La Shawn Banks: Really, all of it. Every component is a lovely challenge. The play itself, though it is an older play, a little over 40 years old now, it's so relevant and timely right now to be doing the piece, and to be doing it at APT, for sure. I think it's one of the right pieces to be doing at this time, for sure. The challenges for me are language and the poetry of the piece. It's a mountain, every time, to climb, physically of course. We do a bit of physical work in it, definitely. I sweat the entire first few scenes of the play before I leave the stage in just a puddle of sweat. It's intense on a physical level, for sure, and a language level, definitely, and to uphold the piece and to make sure the arguments are clear so that people are sort of onto what we're doing and why we're doing it, that's definitely a challenge and a great gift.
Tone Madison: The director's notes for the play talk a lot about how it reflects racial issues and police violence in America today. Was there a lot of conversation about that when you began reading and rehearsing for the show, and how you wanted to make that come through?
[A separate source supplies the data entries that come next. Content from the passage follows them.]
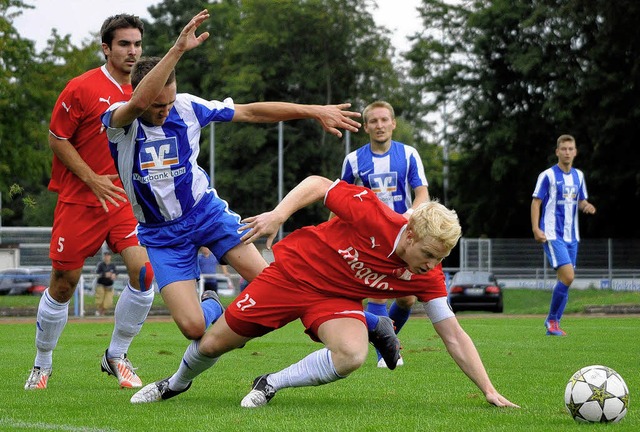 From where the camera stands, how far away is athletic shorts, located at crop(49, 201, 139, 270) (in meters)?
8.14

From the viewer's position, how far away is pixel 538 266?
4238cm

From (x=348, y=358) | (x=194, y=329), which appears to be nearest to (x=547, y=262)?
(x=194, y=329)

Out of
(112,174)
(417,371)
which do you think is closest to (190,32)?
(112,174)

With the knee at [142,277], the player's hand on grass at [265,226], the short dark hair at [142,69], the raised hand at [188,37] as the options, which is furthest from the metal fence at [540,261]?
the player's hand on grass at [265,226]

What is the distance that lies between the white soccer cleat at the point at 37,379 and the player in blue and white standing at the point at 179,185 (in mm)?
1518

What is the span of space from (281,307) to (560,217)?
915cm

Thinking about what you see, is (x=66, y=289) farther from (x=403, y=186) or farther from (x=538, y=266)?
(x=538, y=266)

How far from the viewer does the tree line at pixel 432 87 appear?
3344 cm

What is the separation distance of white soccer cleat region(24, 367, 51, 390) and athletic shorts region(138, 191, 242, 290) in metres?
1.52

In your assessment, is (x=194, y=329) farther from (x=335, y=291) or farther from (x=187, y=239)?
(x=335, y=291)

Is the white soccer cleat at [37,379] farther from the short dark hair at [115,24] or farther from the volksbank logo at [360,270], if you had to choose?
the volksbank logo at [360,270]

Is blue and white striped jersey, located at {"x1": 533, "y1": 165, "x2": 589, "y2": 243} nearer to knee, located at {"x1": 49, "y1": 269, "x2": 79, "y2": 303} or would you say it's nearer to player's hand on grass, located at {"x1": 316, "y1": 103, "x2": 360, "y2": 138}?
player's hand on grass, located at {"x1": 316, "y1": 103, "x2": 360, "y2": 138}

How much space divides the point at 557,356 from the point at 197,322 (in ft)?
16.5

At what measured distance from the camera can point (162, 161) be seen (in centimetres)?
727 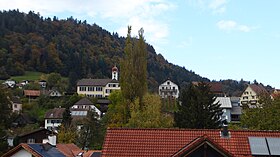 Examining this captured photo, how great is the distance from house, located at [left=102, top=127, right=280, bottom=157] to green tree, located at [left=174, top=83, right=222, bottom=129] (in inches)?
769

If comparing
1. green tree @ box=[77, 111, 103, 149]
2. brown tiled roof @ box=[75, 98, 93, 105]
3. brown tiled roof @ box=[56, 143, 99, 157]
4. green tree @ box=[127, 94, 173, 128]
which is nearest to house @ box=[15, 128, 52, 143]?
green tree @ box=[77, 111, 103, 149]

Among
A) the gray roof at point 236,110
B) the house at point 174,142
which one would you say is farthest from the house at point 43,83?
the house at point 174,142

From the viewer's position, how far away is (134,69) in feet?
202

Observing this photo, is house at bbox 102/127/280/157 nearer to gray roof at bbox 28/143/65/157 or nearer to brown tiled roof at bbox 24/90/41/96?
gray roof at bbox 28/143/65/157

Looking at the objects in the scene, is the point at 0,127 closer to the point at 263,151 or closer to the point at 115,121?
the point at 115,121

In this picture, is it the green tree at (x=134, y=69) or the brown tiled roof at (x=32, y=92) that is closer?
the green tree at (x=134, y=69)

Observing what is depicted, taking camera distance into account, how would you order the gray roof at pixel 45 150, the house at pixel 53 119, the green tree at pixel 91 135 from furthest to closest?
→ the house at pixel 53 119, the green tree at pixel 91 135, the gray roof at pixel 45 150

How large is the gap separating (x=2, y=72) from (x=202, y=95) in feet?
416

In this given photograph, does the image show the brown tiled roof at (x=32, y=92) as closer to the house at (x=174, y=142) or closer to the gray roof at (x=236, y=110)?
the gray roof at (x=236, y=110)

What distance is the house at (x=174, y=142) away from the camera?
23.1 metres

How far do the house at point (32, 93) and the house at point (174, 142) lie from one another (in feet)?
343

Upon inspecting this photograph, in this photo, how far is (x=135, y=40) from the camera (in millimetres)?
65938

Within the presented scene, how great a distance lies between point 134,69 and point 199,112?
18733 millimetres

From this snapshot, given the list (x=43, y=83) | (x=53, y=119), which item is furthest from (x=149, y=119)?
(x=43, y=83) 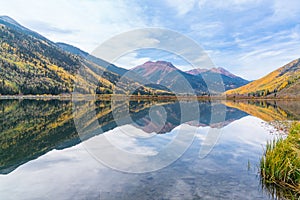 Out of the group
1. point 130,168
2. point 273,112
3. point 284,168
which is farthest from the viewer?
point 273,112

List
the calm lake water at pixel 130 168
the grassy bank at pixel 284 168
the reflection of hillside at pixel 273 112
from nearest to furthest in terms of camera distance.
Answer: the calm lake water at pixel 130 168 < the grassy bank at pixel 284 168 < the reflection of hillside at pixel 273 112

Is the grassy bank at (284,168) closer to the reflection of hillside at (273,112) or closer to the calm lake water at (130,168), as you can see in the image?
the calm lake water at (130,168)

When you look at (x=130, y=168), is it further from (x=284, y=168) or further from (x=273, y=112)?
(x=273, y=112)

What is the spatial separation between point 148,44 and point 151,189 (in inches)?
872

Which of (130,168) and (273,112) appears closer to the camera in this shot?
(130,168)

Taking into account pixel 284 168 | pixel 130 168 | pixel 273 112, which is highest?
pixel 284 168

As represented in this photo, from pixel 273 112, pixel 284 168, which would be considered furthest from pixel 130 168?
pixel 273 112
La Shawn Banks: For sure. When we started rehearsal, it had been a few weeks after so much had happened in Baltimore and South Carolina hadn't happened yet. I think we were in the middle of tech when Baltimore happened. So, yeah, there was a lot of conversation. I mean, ironically, the last scene in the play, to me, is the way court cases happen right now in this country, and we're talking about Greek tragedies, a trial in a Greek play, but also 1972 and apartheid South Africa. You'd think we're far removed, but as we peel away these layers and really have conversations about what's happening in the world and what's happening in our country, you realize that while our bodies are no longer enslaved, there's so much that this country particularly just ravaged by the ghosts of slavery. It just is. A lot of that definitely came up while we were discovering the piece again.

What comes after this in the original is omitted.